**Exercise directions**: Transcribe each entry exactly, without pictures.

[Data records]
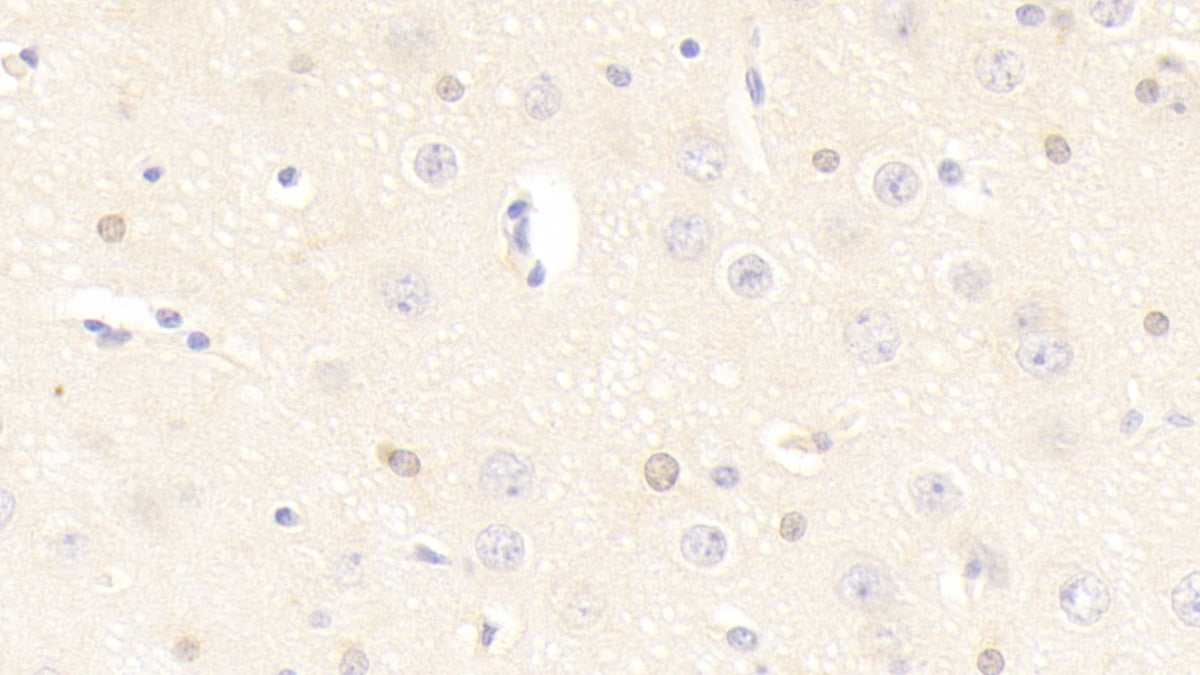DAB staining on IHC-P; Samples: Human Small intestine Tissue;  Primary Ab: 20μg/ml Rabbit Anti-Human FABP2 Antibody Second Ab: 2µg/mL HRP-Linked Caprine Anti-Rabbit IgG Polyclonal Antibody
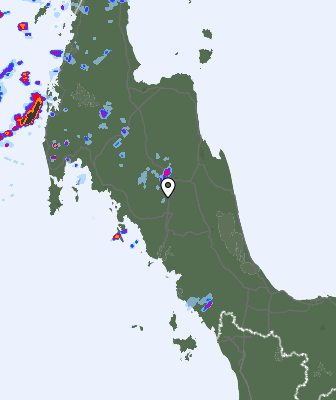 Radar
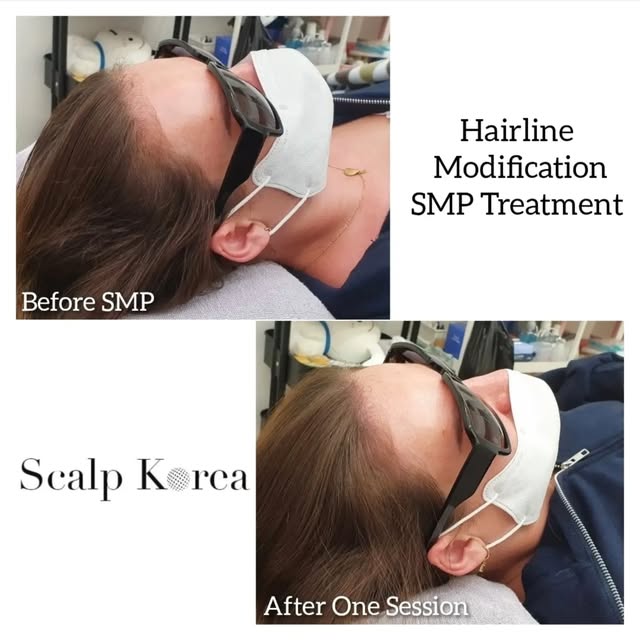 At 𝐒𝐜𝐚𝐥𝐩 𝐊𝐨𝐫𝐞𝐚, we understand that hair loss can affect confidence in many ways. Our goal 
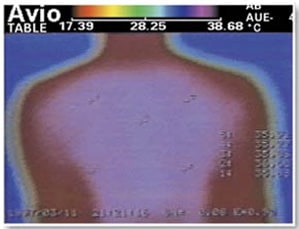 Infrared image of a person's back after using Biomat with a lot of internal heat.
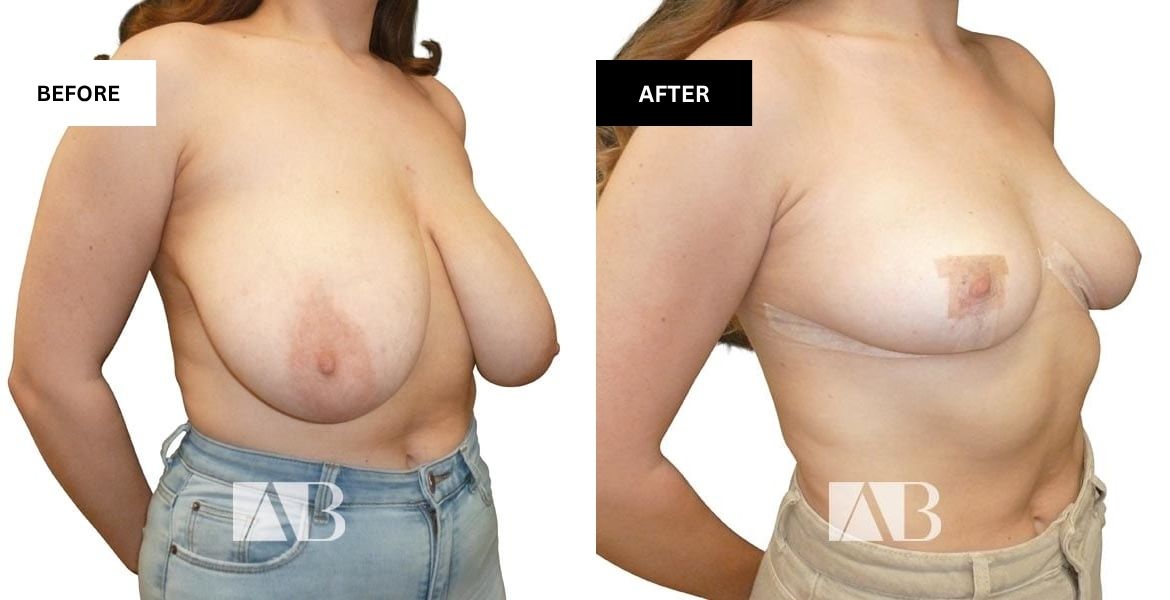 Breast Reduction Before and After Photo – Patient 21 – 45 degree
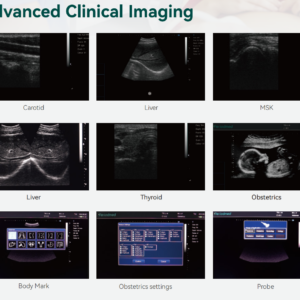 Yonker Black and white Digital Diagnostic Ultrasound System PU-DL121A
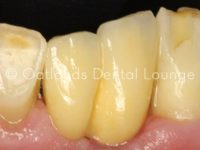After - Oatlands Dental Lounge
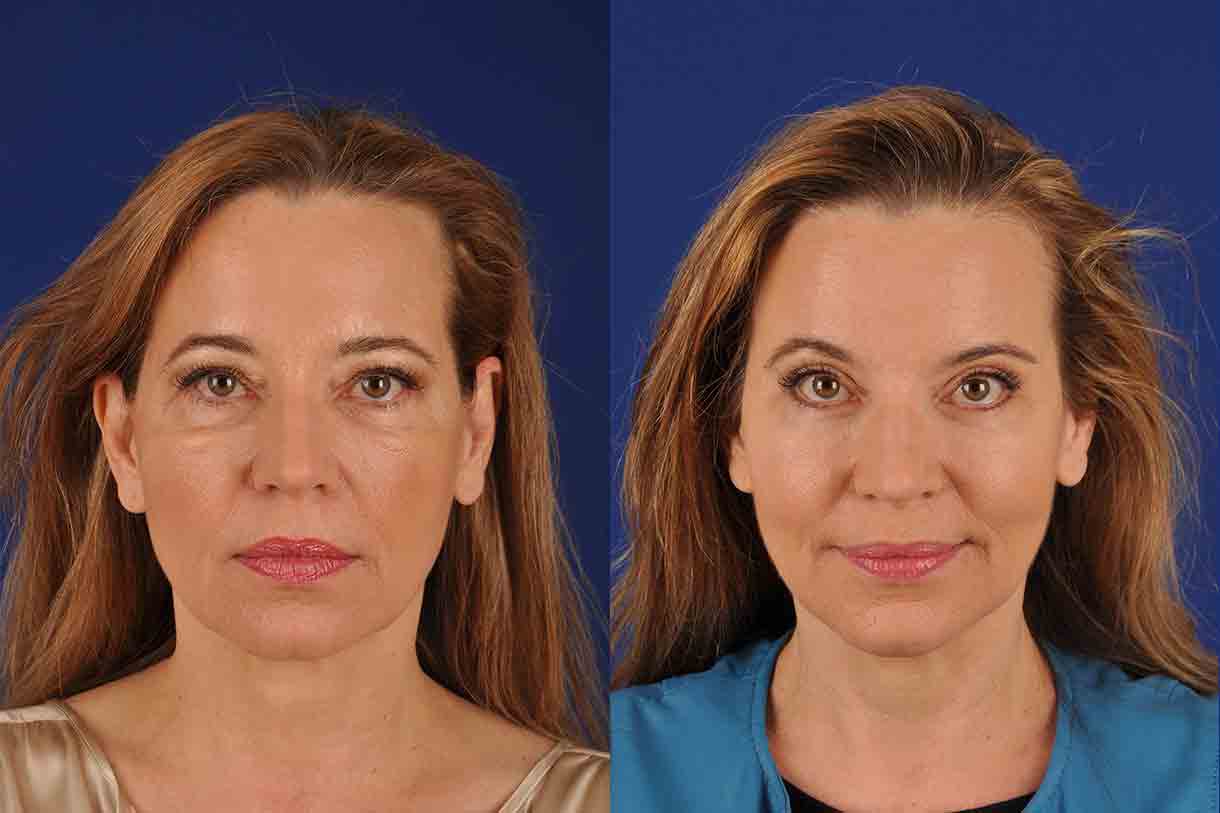 Transform Your Appearance with a Brow Lift in San Diego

**Task result**:
DAB staining on IHC-P; Samples: Human Small intestine Tissue;  Primary Ab: 20μg/ml Rabbit Anti-Human FABP2 Antibody Second Ab: 2µg/mL HRP-Linked Caprine Anti-Rabbit IgG Polyclonal Antibody
 Radar
 At 𝐒𝐜𝐚𝐥𝐩 𝐊𝐨𝐫𝐞𝐚, we understand that hair loss can affect confidence in many ways. Our goal 
 Infrared image of a person's back after using Biomat with a lot of internal heat.
 Breast Reduction Before and After Photo – Patient 21 – 45 degree
 Yonker Black and white Digital Diagnostic Ultrasound System PU-DL121A
After - Oatlands Dental Lounge
 Transform Your Appearance with a Brow Lift in San Diego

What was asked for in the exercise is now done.